Problem description: Go through the listing below and retype exactly the lines starting at the one with "Brücke über den" and ending at the one with "Pretty elderly couple", skipping pictures.

Records shown:
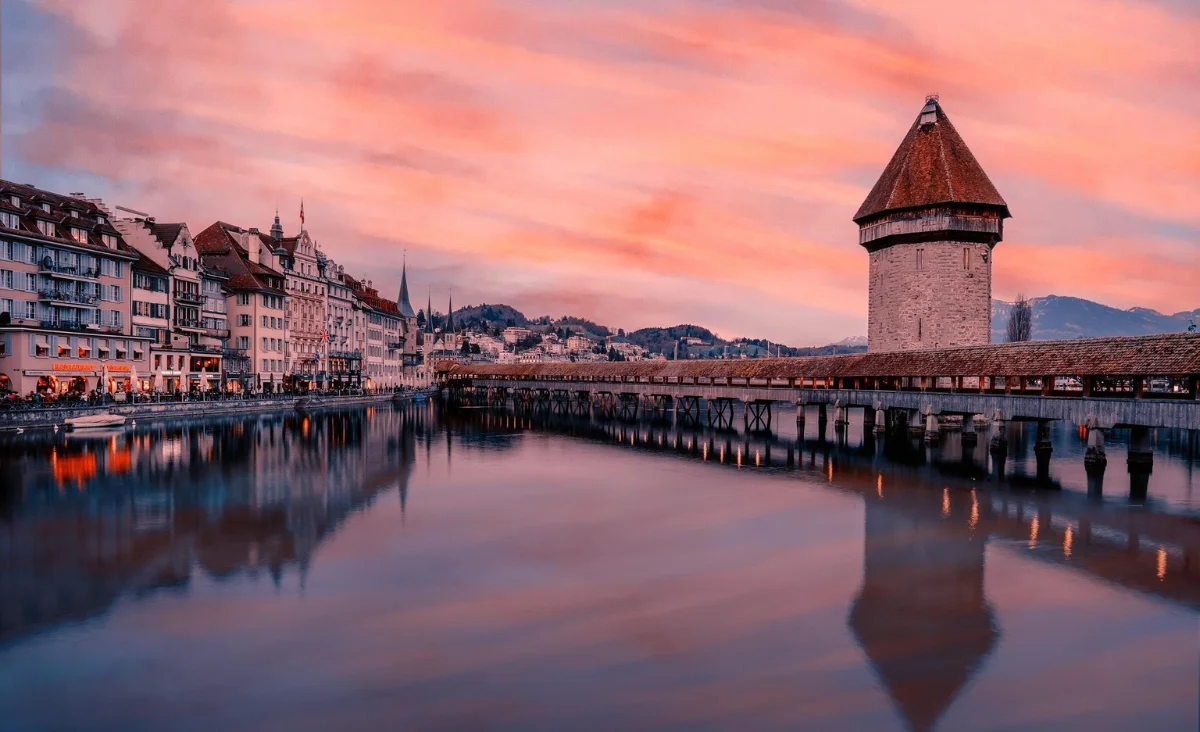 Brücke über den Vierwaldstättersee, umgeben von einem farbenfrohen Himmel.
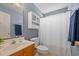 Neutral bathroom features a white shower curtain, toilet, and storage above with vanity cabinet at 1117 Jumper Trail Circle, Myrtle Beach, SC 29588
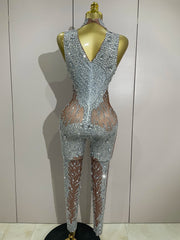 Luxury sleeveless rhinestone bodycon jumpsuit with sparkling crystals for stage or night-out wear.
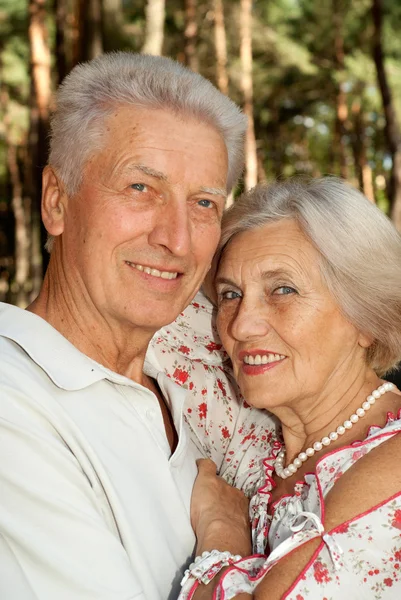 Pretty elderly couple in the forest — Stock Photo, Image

==

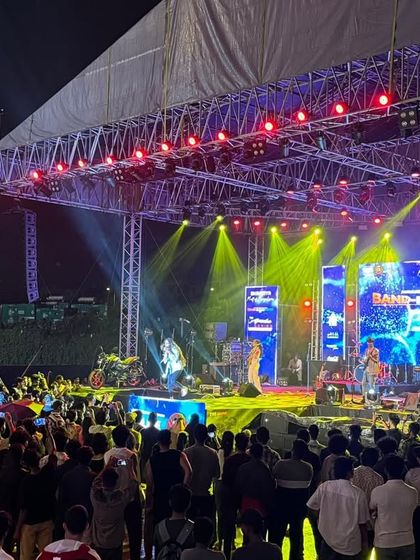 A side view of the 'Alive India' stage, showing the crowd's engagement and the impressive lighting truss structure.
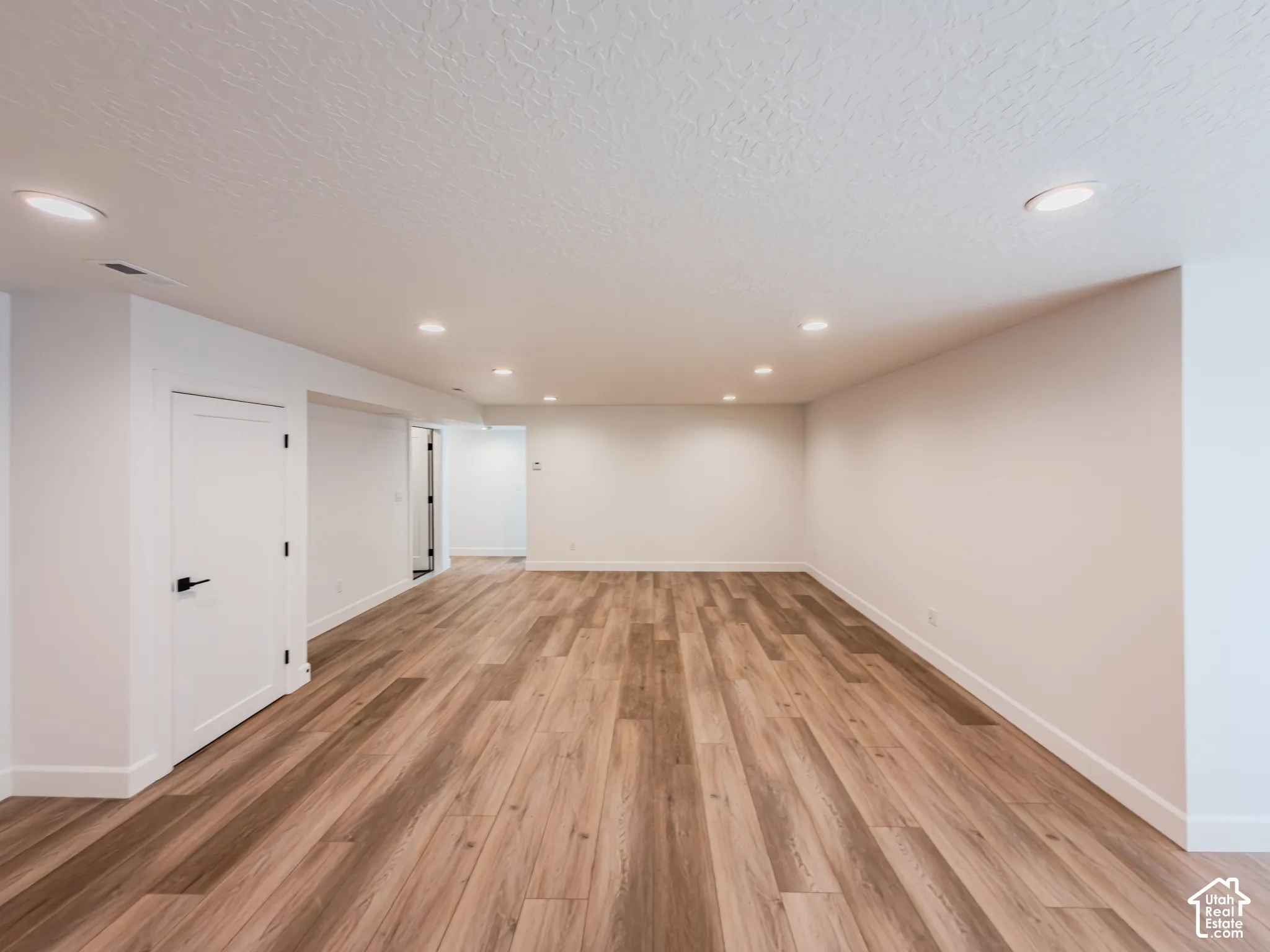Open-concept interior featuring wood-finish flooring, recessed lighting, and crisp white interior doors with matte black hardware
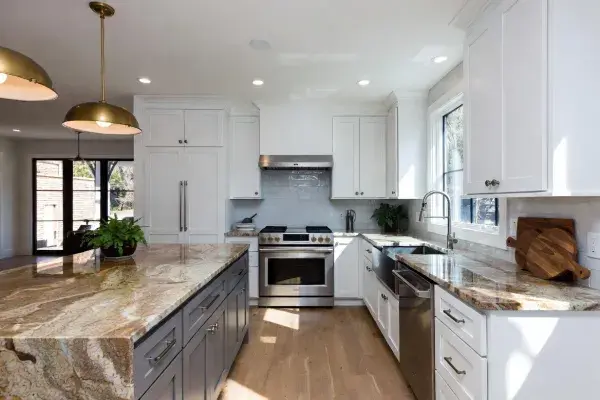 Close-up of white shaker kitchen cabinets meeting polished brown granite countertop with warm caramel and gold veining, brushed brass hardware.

...

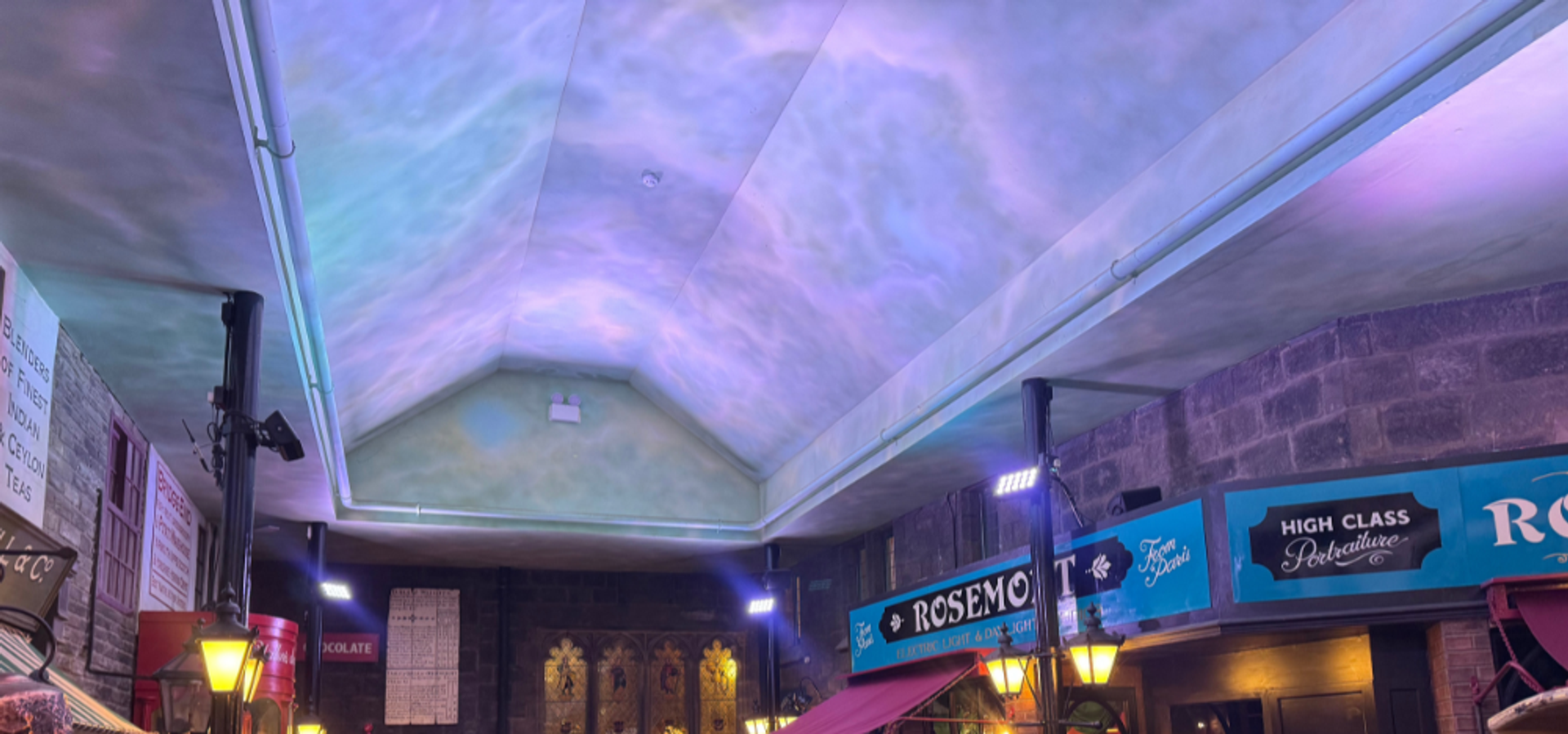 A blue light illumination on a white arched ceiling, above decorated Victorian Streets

Expected output:
 Brücke über den Vierwaldstättersee, umgeben von einem farbenfrohen Himmel.
 Neutral bathroom features a white shower curtain, toilet, and storage above with vanity cabinet at 1117 Jumper Trail Circle, Myrtle Beach, SC 29588
 Luxury sleeveless rhinestone bodycon jumpsuit with sparkling crystals for stage or night-out wear.
 Pretty elderly couple in the forest — Stock Photo, Image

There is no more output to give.